*The problem*. A full, exact copy of the listing is needed, with images omitted.

BEGIN Data under study

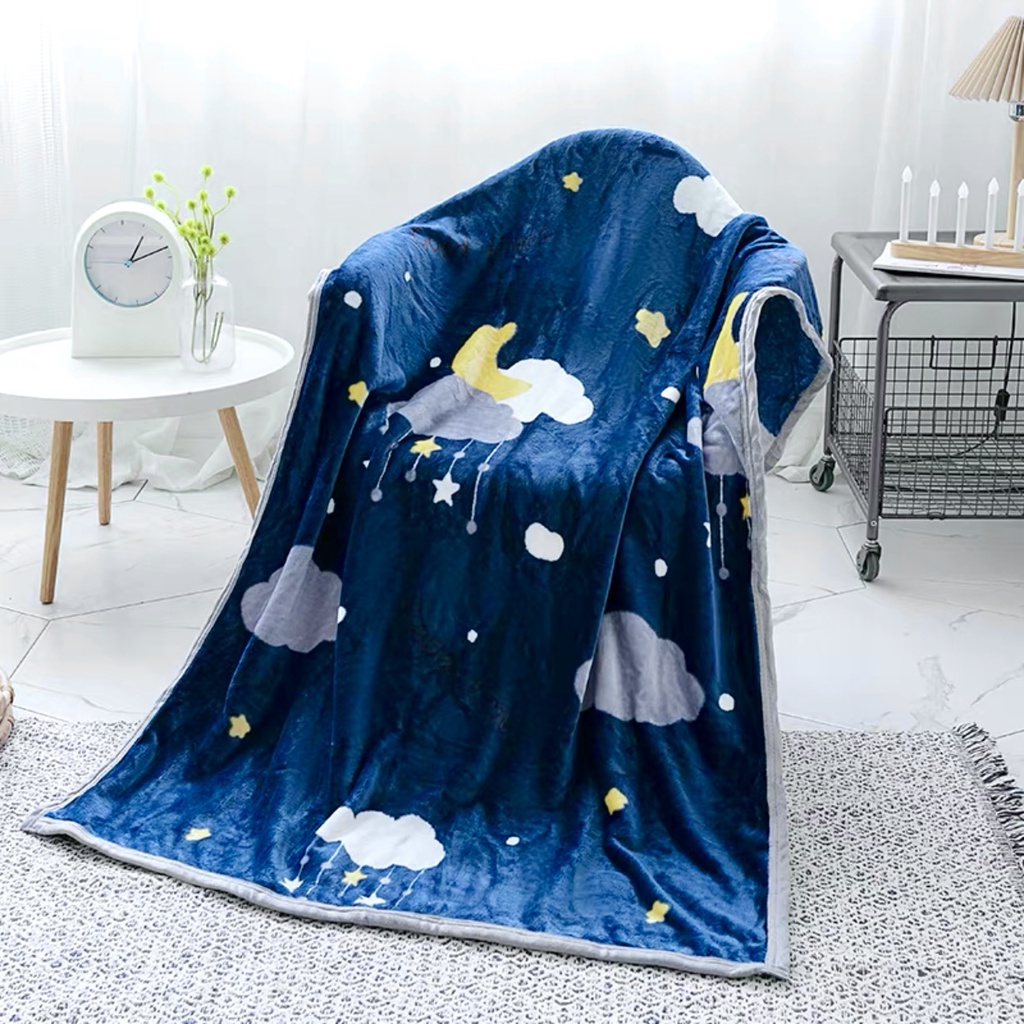 Selimut Bulu Dewasa Uk 140x200 Motif Star Night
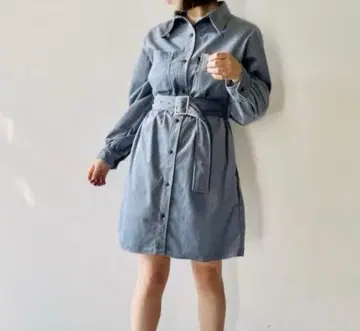 원웨이 빅 칼라 코듀로이 원피스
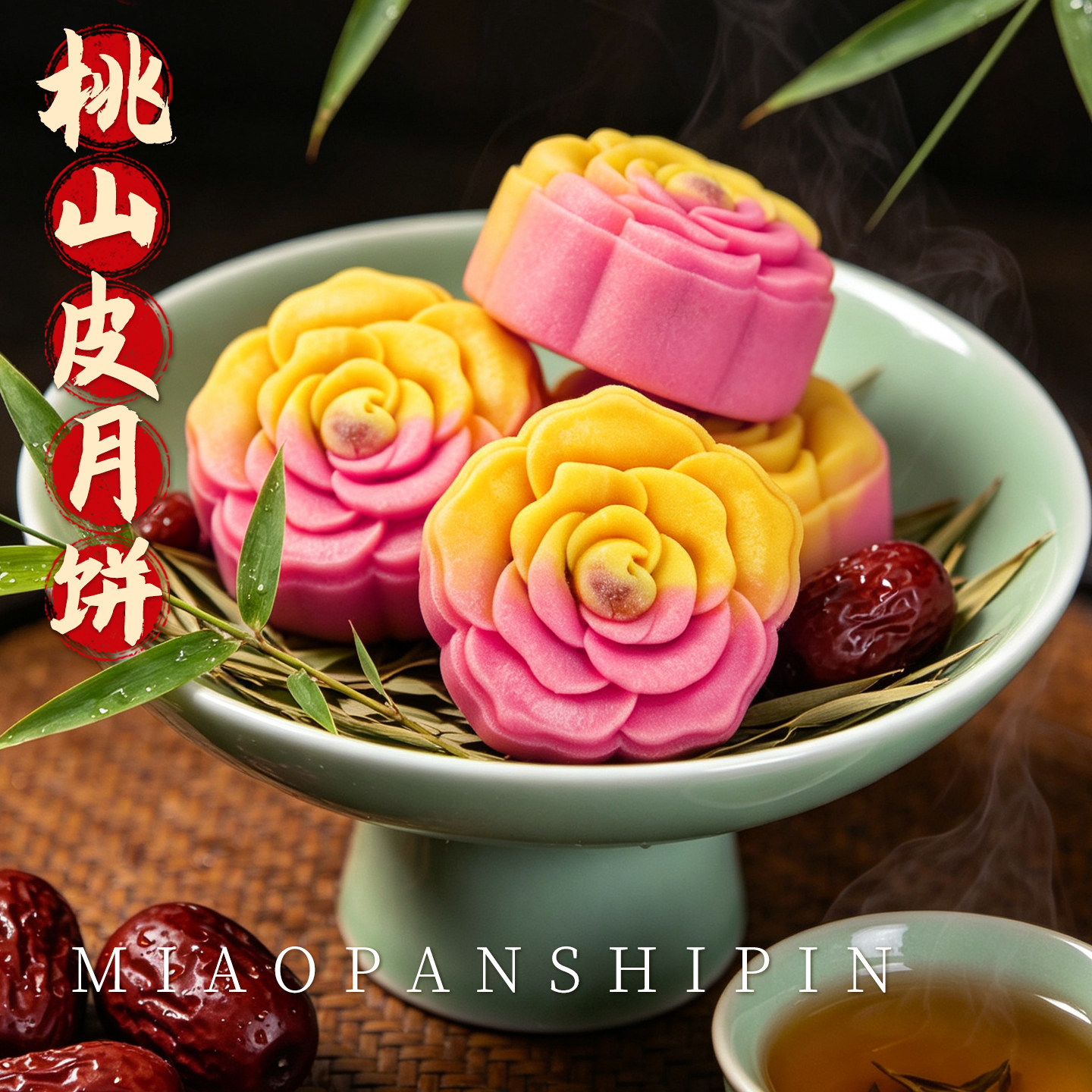 桃山皮玫瑰花酥造型红枣丁馅祈福酒店摆台送礼贡品糕点心中秋喜饼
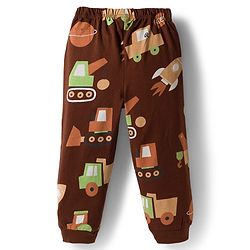Babyhug Cotton Knit Full Sleeves Co-ords Night Suit With Vehicle Print - Brown
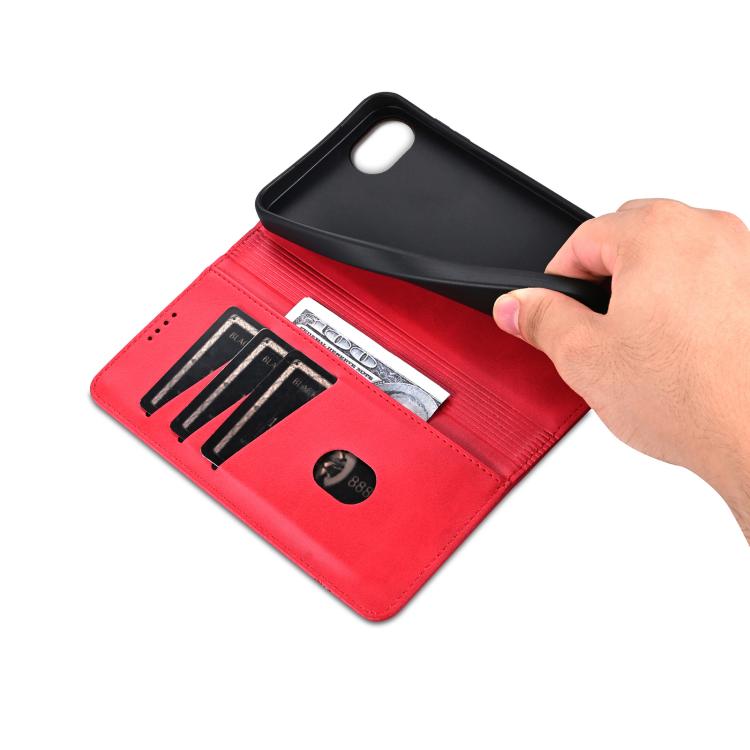 For iPhone 16e AZNS Magnetic Calf Texture Flip Leather Phone Case(Red) - iPhone 16e Cases by AZNS | Online Shopping South Africa | PMC TechLife | Buy Now Pay Later Mobicred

END Data under study

*Exercise response*.
 Selimut Bulu Dewasa Uk 140x200 Motif Star Night
 원웨이 빅 칼라 코듀로이 원피스
 桃山皮玫瑰花酥造型红枣丁馅祈福酒店摆台送礼贡品糕点心中秋喜饼
Babyhug Cotton Knit Full Sleeves Co-ords Night Suit With Vehicle Print - Brown
 For iPhone 16e AZNS Magnetic Calf Texture Flip Leather Phone Case(Red) - iPhone 16e Cases by AZNS | Online Shopping South Africa | PMC TechLife | Buy Now Pay Later Mobicred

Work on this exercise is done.